Categories of tags - vocabulary

I'm starting a pro bono project that is the web interface to the world's largest collection of lute music and it's a challenging collection from several points of view. The pieces are largely from 1400 to 1600, but they range from the mid-1200's to present day. Needless to say, there is tremendous variability in how the pieces are categorized and who they are attributed to. It is obvious that any sort of rigid, DB-enforced hierarchy isn't going to work with this collection, so my thoughts turn to tags.
But not all tags are the same. I'll have tags that represent a person/role (composer, translator, entabulator, etc.), tags that represent the instrument(s) the piece in written for, and tags that represent how the piece has been classified by any one of half a dozen different classification systems used over the centuries.
We will be using a semi-controlled tag vocabulary to prevent runaway tag proliferation (e.g. del.icio.us), but I want to treat the tags as belonging to different groups. People tags should not be offered when the editor is doing instrument tagging, etc.
Has anyone done something like this? I have several ways I can think of to do it, but if there is an existing system that is well-done it would save me time implementing/debugging.
FWIW: This is a Django system and I'm looking at starting with Django-tagging and then hacking from there, possibly adding a category field or ...
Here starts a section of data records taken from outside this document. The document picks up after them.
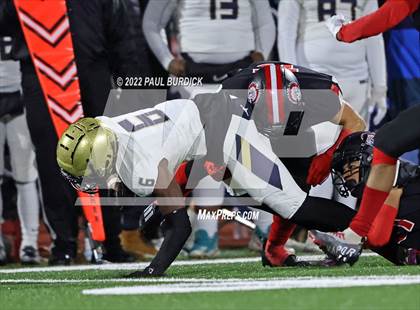 Thumbnail 3 in Aliquippa vs. Bishop McDevitt (PIAA 4A Championship) photogallery.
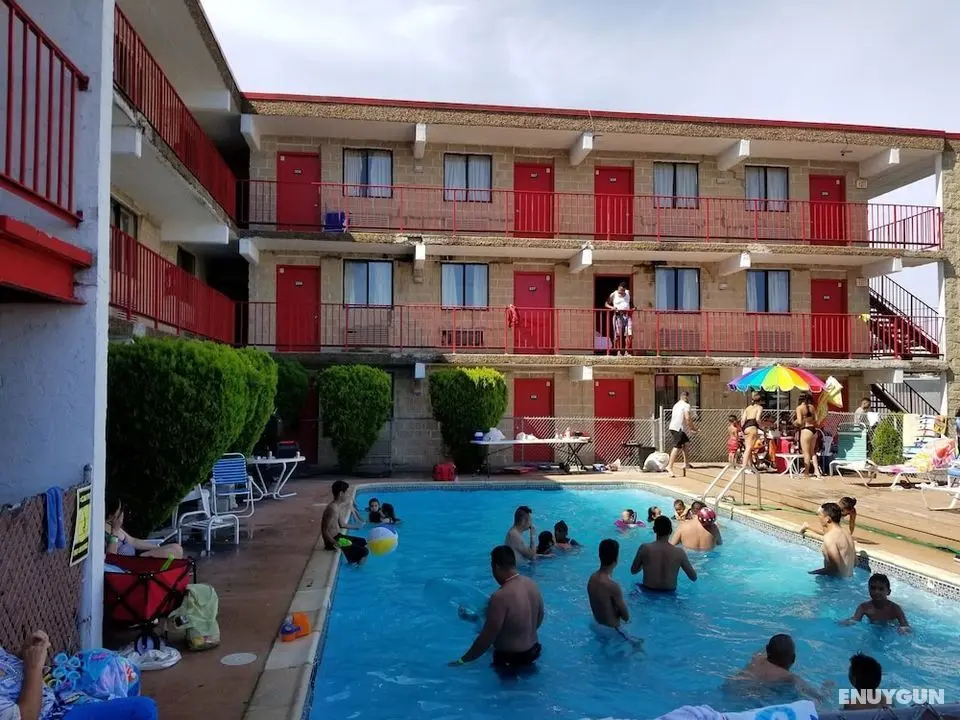 Cloud 9 Inn - Öne Çıkan Resim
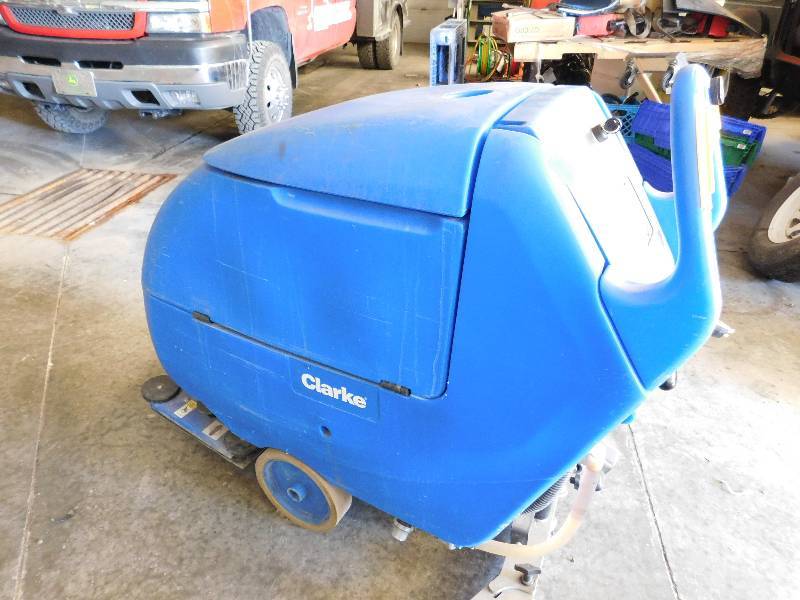 lot 1183 image: Clark Focus II Boost Floor Cleaner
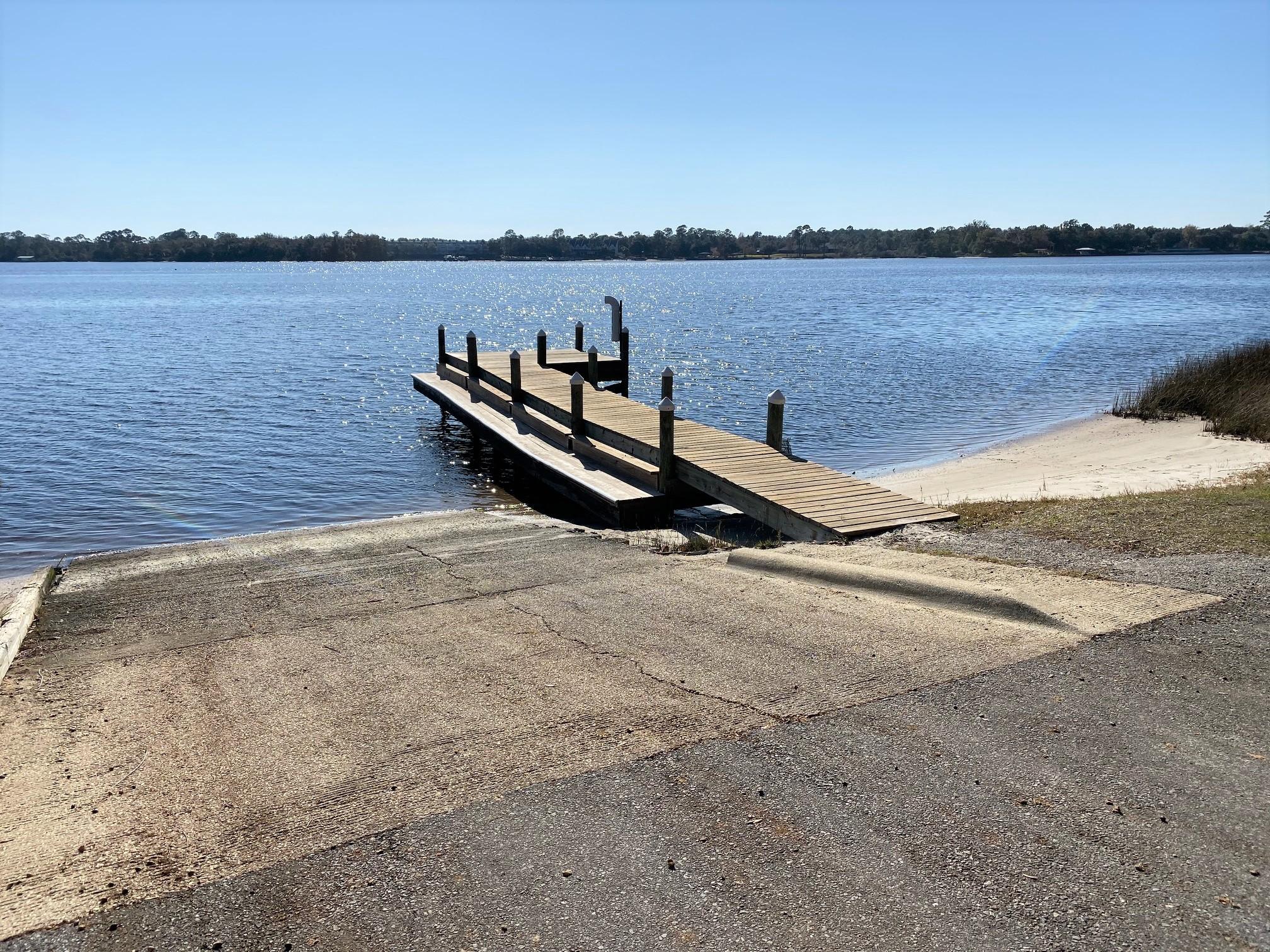 COUNTRY BREEZE ESTATES - Residential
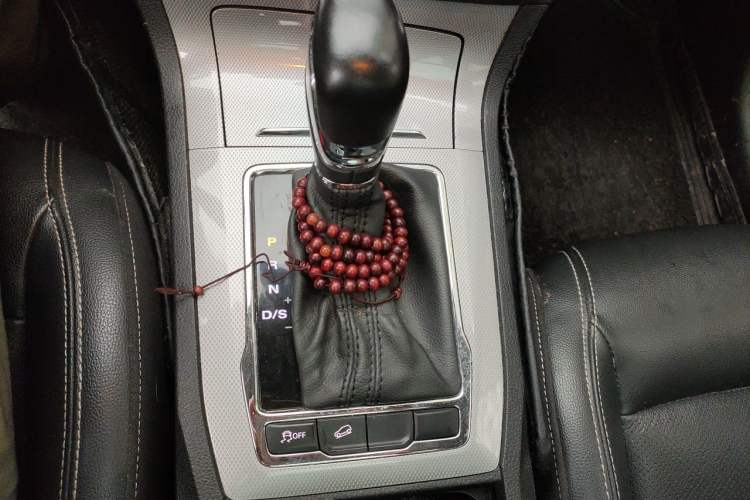 Used Roewe RX5 2019 20T Two-Wheel Drive Automatic 4G Connected Platinum Edition Gear Lever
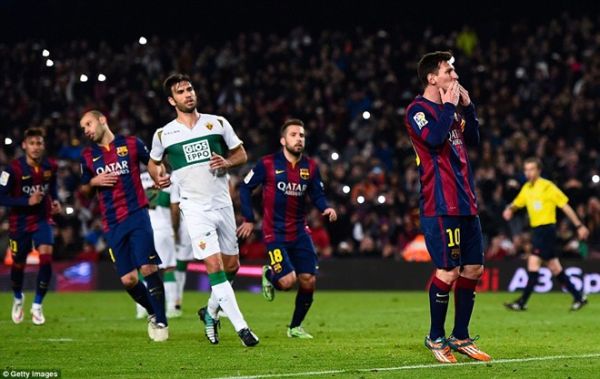 Bộ ba nguyên tử Messi - Neymar - Suarez giúp Barca thắng 5-0 12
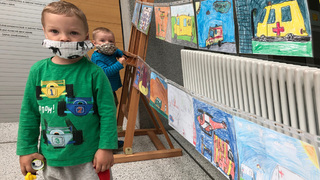 V pražské ÚVN jsou k vidění obrázky dětí, kterými vojákům děkují za koronavirové nasazení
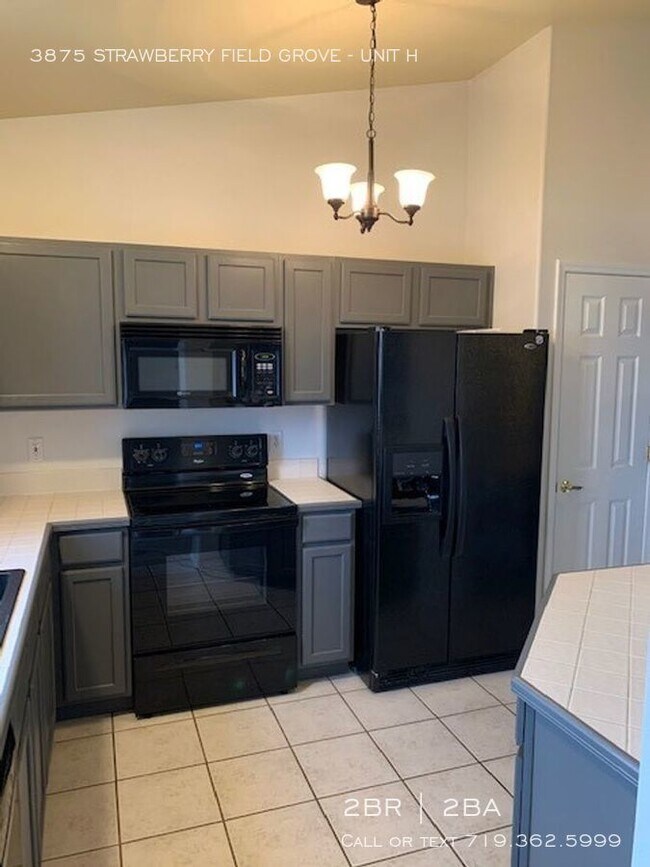 Foto del edificio - Condo in gated Community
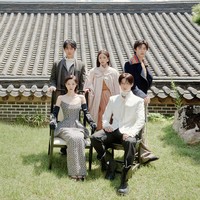 Selain pemotretan, Park Bo Gum cs juga melakukan perjalanan dua hari satu malam, tapak tilas ke lokasi syuting Love In The Moonlight di Provinsi Gangwon. Momen itu akan terekam dalam dua episode variety show Love In The Moonlight: Redrawn. Foto: dok. ELLE Korea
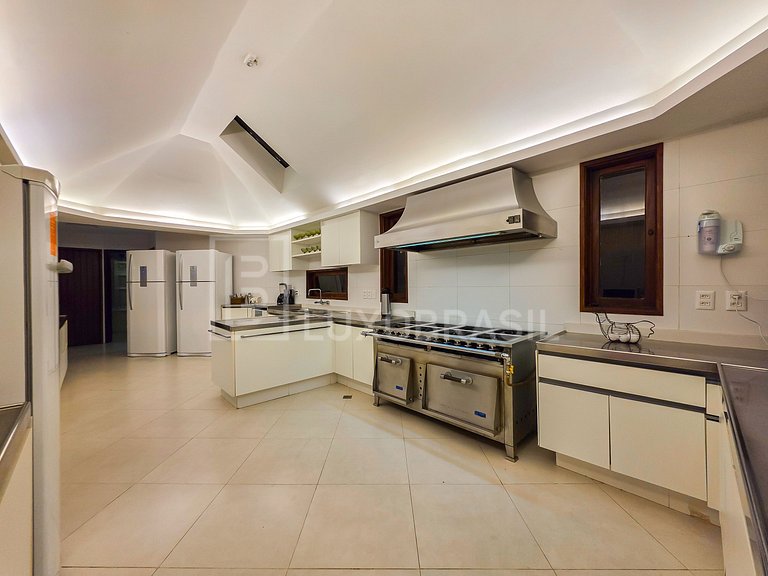 LB - MAN04 Mansión con 8 Suites en Venta, 1.700 m² – Mangara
There's an issue #14 for django-tagging filed back in 2007 which is trying to address this problem. Don't know whether developers are planning to add this feature or not.
However, there's a machinetags branch of django-tagging mantained by Gregor Müllegger here at https://code.launchpad.net/~gregor-muellegger/django-tagging/machinetags/. It allows to assign tags namespaces (and/or values), and facilitate querying tags by namespace / value. So you'd be able to tag a piece with instrument:<instrument_name> or instrument=<instrument_name>, for example.
It's mostly in sync with the django-tagging trunk (the latest commit is there's a number of commits missing though). I remember myself working on some project using that branch about a year ago; it worked fine. Read the documentation on branch and comments on the issue for more details.

Related

What is the proper way to tag pages in Google Analytics?

I don't even know if "tagging pages" is what I mean.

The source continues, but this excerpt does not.